3.2. Molecular Characterization of MBL- and Carbapenemase-Encoding Genes of CRAB

The blaOXA-51 gene is a naturally occurring gene unique to A. baumannii species, and it was detected in all six isolates. Other genes, including blaOXA-51, blaOXA-58, blaOXA-24, blaOXA-23, blaNDM-1, and blaVIM, were detected with variable frequency among the isolates of CRAB, as mentioned in Table 1. None of the isolates tested positive for blaIMP.
The DNA sequencing analysis of carbapenemase- and MBL-encoding genes of A. baumannii was conducted by using BioEdit, resulting in sequences for the blaOXA-24, blaOXA-23, blaOXA-58, blaOXA-51, and blaNDM-1 genes as described in our previous publication [20].

3.3. Phylogenetic Studies

A phylogenetic analysis was conducted on the DNA sequenced genes, including blaOXA-23, blaOXA-24, blaOXA-51, blaOXA-58, and blaNDM-1, from our CRAB isolates, and the results were depicted as phylogenetic trees. The respective phylogenetic trees included GenBank accession numbers for our study strains. The tree for query strain S67 OXA-24 gene in Figure 1 showed 97% evolutionary relatedness to the NCBI databases. In Figure 2, the phylogenetic representation of study strain S96 OXA-58 displayed 100% evolutionary resemblance with NCBI databases. Similarly, in Figure 3, the phylogenetic analysis of study strain S97 OXA-58 exhibited 96% evolutionary resemblance with the NCBI database. Study strain S98 OXA-58 demonstrated 100% evolutionary relatedness with the NCBI database in Figure 4. Figure 5 illustrates 99% evolutionary relatedness with the NCBI database for study strain S10 OXA-23. In Figure 6 and Figure 7, study strain S84 NDM-1 and S10 OXA-51 showed 99% and 100% evolutionary closeness with the NCBI database, respectively.

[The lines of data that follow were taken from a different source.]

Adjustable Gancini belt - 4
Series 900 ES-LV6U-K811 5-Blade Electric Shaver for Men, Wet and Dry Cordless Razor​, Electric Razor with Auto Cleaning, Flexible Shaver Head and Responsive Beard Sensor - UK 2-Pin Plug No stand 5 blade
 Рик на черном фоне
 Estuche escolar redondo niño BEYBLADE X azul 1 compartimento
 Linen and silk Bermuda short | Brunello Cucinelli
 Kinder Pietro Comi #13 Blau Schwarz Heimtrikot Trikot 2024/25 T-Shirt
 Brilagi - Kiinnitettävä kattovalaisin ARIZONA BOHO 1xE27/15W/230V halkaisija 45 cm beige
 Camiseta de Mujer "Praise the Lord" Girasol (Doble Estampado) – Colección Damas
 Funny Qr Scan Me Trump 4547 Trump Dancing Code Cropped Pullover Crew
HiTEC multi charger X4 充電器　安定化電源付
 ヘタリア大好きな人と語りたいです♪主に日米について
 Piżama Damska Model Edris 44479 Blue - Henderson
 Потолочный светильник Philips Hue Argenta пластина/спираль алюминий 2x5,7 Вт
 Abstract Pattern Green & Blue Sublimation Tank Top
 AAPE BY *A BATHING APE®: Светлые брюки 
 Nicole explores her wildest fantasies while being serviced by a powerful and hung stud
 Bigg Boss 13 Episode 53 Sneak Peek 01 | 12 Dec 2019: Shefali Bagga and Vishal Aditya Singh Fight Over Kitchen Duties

3.4. Mutational Analysis of blaOXA Genes of CRAB Isolates

By using I-Mutant, MUPro, and PHD-SNP software, we observed 16 mutations in the carbapenemase-encoding genes (the blaOXA-24, blaOXA-51, and blaOXA-58 genes) of the CRAB isolates, as shown in Table 2. The blaOXA-58 gene of study strain S96 had the maximum of five mutations (A60L, I59M, P116L, S121Q, and F167P); the blaOXA-51 gene of study strain S10 had two mutations (E11Q and K50N); the blaOXA-58 gene of study strain S97 had four mutations (Q2K, G4S, I61M, and A62L); the blaOXA-58 gene of study strain S98 had four mutations (A60L, I59M, S121K, and V181I); and the blaOXA-24 gene of study strain S67 had only one mutation (M69L). No mutations were observed in the blaOXA-23 gene. Table 2 also presents the amino acid changes observed at specific positions in the protein sequences of these carbapenemase-encoding genes. Table 3 predicted the impact of these 16 mutations on the genetic expression of antimicrobial resistance in the carbapenemase-encoding genes (blaOXA-24, blaOXA-51, and blaOXA-58 genes). Out of 16 mutations, only 1 (P116L) was predicted to cause a “Change” in gene expression, indicating a damaging effect. The remaining 15 mutations showed conflicting predictions regarding their impact on protein stability and subsequent gene expression, suggesting a non-damaging effect, as shown in Table 3.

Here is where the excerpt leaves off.